Dismissal of Schenectady cop’s DWI case upheld
Judge agrees breath test lacked probable cause
SCHENECTADY The city police officer who signed a “last-chance” agreement to remain on the force after being accused of driving drunk has now seen dismissal of his underlying criminal case affirmed on appeal, attorneys said Tuesday.
In an order issued earlier this month, Schenectady County Court Judge Karen Drago upheld an earlier dismissal of the case against Jonathan Haigh, affirming a City Court ruling that police lacked probable cause to arrest Haigh.
Haigh’s attorney, Kevin K. O’Brien, praised the decision Tuesday, saying police simply got it wrong and the courts got it right. O’Brien had argued that two early tests either were incorrectly administered or there were other reasons for failure.
Schenectady County District Attorney Robert Carney, though, said he expects his office to ask for reargument of the case in City Court, saying police did have probable cause to arrest Haigh under other rules. He noted there was an accident and Haigh admitted to driving the car, as well as drinking that night.
Haigh, then 24, of Princetown Road, was arrested by city police the morning of Jan. 8, 2011, and charged with driving while intoxicated, a misdemeanor, and leaving the scene of a property damage accident, a violation.

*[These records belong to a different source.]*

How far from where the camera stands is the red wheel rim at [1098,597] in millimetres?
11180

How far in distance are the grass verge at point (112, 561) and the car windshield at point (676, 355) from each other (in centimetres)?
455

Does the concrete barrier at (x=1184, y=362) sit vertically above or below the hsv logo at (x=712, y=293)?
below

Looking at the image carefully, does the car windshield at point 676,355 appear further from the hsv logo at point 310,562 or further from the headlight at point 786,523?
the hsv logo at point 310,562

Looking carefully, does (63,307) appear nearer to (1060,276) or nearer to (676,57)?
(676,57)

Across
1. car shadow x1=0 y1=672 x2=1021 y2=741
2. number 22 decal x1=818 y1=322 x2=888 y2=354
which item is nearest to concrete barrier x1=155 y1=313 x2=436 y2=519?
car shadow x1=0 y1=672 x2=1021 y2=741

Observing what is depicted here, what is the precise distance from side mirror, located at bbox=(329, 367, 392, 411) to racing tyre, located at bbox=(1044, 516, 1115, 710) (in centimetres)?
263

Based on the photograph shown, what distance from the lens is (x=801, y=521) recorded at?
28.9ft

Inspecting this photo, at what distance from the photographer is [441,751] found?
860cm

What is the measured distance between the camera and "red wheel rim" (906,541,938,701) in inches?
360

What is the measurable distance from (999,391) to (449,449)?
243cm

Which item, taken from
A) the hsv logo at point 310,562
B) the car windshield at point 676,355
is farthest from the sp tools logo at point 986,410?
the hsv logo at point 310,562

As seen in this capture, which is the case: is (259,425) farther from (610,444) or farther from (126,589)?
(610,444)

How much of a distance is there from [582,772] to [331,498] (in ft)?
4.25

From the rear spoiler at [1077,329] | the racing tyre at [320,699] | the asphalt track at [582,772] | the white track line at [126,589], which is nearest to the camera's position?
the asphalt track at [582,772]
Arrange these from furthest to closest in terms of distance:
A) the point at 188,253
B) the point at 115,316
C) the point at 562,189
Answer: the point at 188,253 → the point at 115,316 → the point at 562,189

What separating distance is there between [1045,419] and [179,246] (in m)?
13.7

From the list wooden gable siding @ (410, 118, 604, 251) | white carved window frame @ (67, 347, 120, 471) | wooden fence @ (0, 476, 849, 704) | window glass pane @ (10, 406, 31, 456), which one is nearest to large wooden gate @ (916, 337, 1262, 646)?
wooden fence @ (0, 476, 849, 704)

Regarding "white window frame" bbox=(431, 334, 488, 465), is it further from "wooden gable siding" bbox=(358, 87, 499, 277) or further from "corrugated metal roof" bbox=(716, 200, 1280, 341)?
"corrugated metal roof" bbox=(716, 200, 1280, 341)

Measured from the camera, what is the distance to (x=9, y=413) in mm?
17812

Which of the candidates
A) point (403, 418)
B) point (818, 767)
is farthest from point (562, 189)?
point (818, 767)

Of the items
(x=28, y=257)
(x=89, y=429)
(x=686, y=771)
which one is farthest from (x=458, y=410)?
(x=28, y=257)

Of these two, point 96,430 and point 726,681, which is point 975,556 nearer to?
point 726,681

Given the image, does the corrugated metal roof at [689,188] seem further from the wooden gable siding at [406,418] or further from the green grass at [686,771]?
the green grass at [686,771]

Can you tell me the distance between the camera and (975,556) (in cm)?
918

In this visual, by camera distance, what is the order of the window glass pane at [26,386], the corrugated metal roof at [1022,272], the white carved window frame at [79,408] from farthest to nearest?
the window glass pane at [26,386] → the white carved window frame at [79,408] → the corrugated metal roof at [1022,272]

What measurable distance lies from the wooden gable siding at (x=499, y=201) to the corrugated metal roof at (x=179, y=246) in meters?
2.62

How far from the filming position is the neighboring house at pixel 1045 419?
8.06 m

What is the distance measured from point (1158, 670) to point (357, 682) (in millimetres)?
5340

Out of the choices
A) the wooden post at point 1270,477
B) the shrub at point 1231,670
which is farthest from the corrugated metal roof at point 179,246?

Haigh was accused of hitting a tree, then driving away. Police tracked a license plate number provided by a witness to Haigh’s father. They went to the address and found Jonathan Haigh.

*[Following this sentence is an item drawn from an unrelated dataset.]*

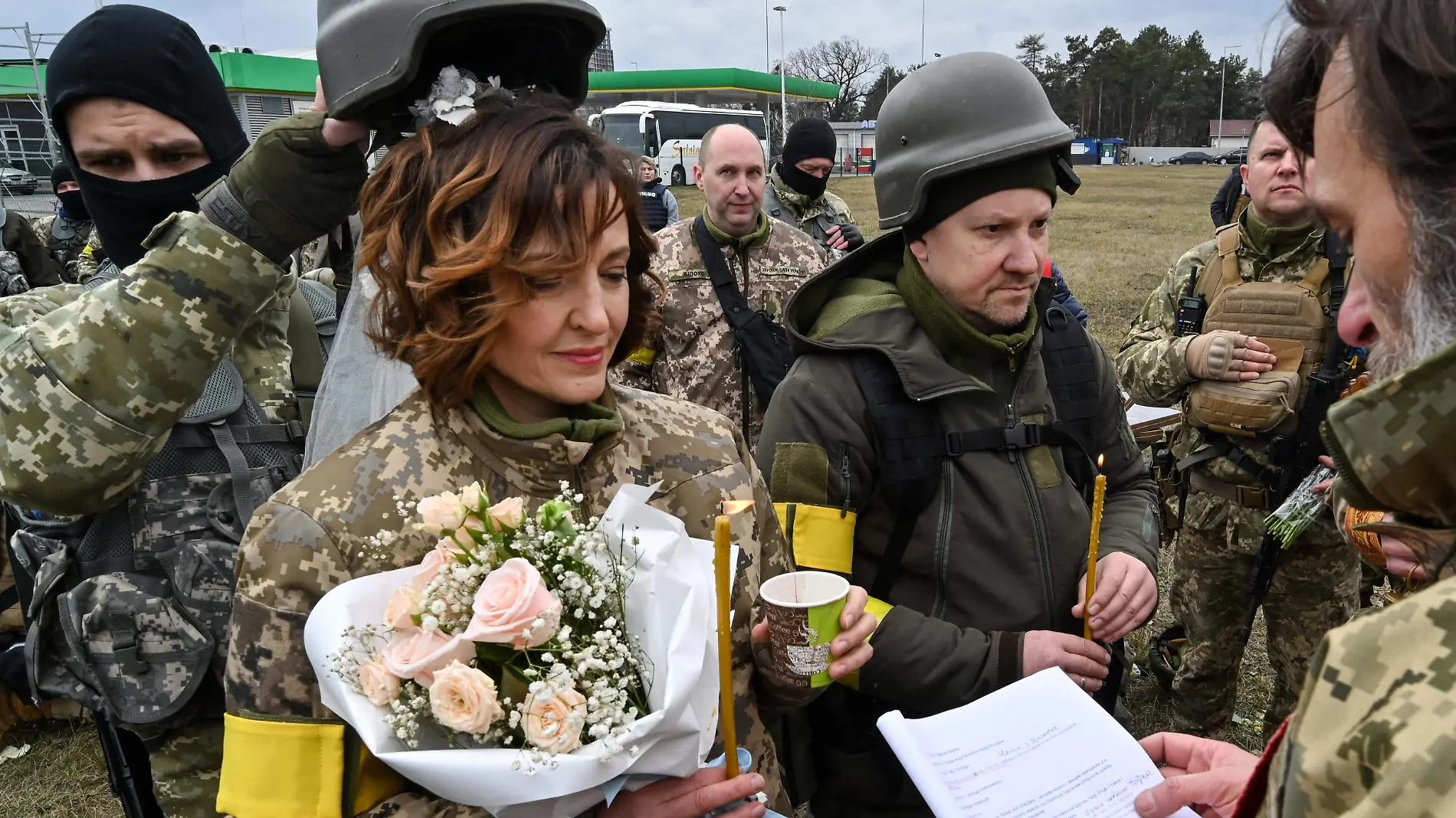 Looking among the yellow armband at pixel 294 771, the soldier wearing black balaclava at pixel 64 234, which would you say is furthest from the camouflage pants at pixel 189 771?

He was arrested and a subsequent Breathalyzer test showed a blood-alcohol content of 0.11 percent, 31⁄2 hours after the accident.

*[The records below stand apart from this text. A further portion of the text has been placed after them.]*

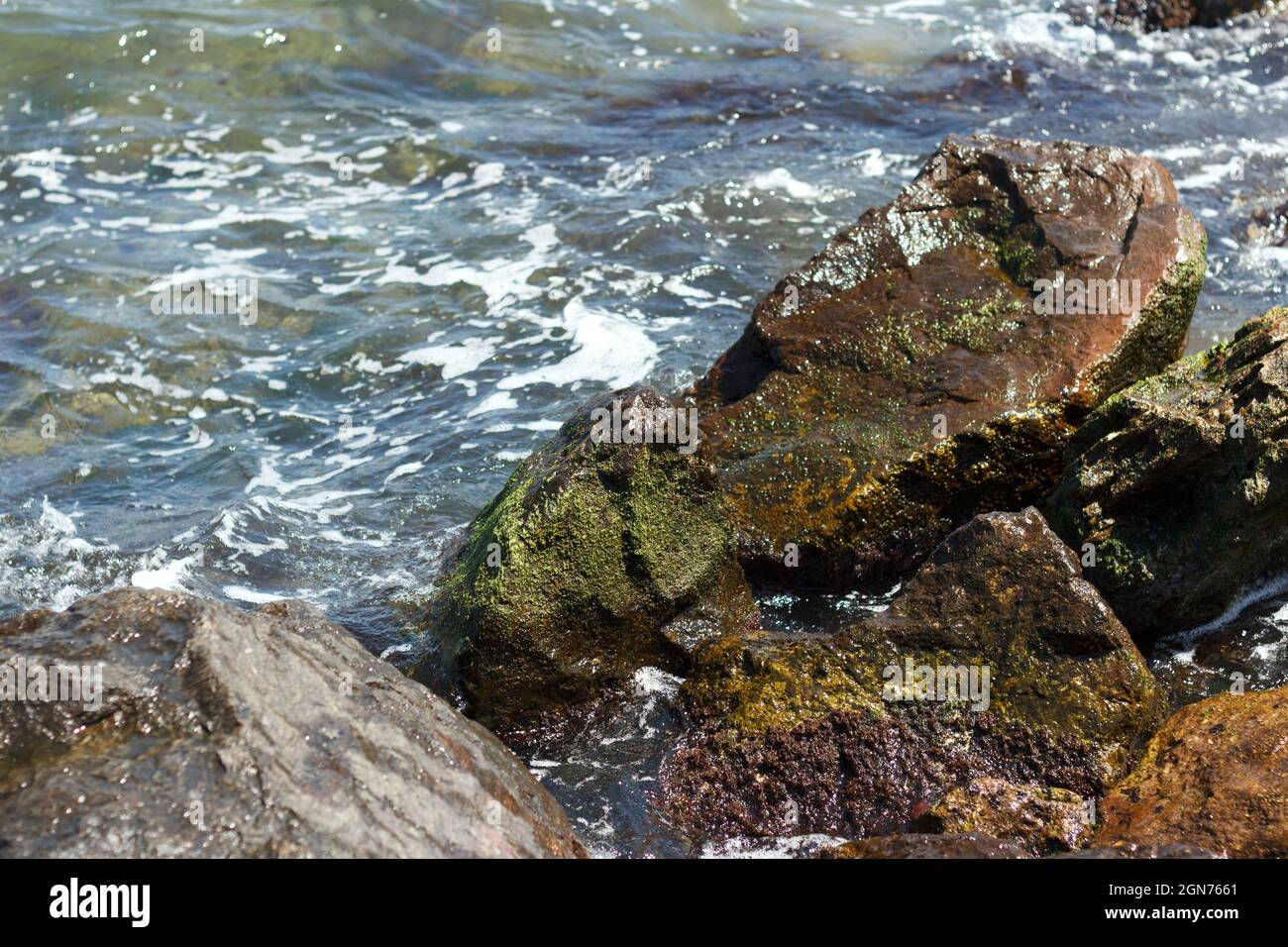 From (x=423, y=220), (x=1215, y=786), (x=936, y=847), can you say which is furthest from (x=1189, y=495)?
(x=423, y=220)

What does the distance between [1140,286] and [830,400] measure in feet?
6.08

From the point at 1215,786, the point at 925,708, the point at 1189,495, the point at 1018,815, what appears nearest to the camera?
the point at 1215,786

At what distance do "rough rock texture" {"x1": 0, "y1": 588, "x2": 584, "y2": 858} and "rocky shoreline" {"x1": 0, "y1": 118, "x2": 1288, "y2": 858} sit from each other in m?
0.01

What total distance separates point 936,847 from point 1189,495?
2.71 meters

Haigh was suspended without pay for 30 days after his arrest. That May, he signed a “last-chance” agreement, allowing him to return to the force, under the condition that if he were found guilty of certain misconduct in the future, he would be fired.
In City Court last year, the drunken-driving case was thrown out, with the judge finding failure by police to follow standard protocol in assessing intoxication and that Haigh’s due process rights were violated, according to Drago’s ruling. The City Court judge was Guido Loyola, officials said.
Drago affirmed that ruling, focusing on tests that could have been done but weren’t, including field sobriety tests. They weren’t done even after Haigh told him he had used mouthwash, which could have resulted in a positive reading in a preliminary breath test, she wrote.
The arresting officer, Lt. Eric Clifford, also testified that Haigh did not have impaired motor coordination or speech, Drago wrote.
“The court can only assume that the officer making the assessment believed the defendant could pass such tests, particularly in light of the officer’s testimony that his motor coordination and his speech did not seem impaired,” Drago wrote.
In May 2011, after Haigh signed the last chance agreement, Public Safety Commissioner Wayne Bennett said the city felt comfortable retaining Haigh, citing certain information he couldn’t release. Haigh remains on the force.
Provided the ruling late Tuesday afternoon, Bennett declined comment, saying he needed to consult with Police Chief Brian Kilcullen, who was out of the office Tuesday.
Carney, however, responded Tuesday by calling the decision a confusing one. The hearing, he said, was to suppress the Breathalyzer test.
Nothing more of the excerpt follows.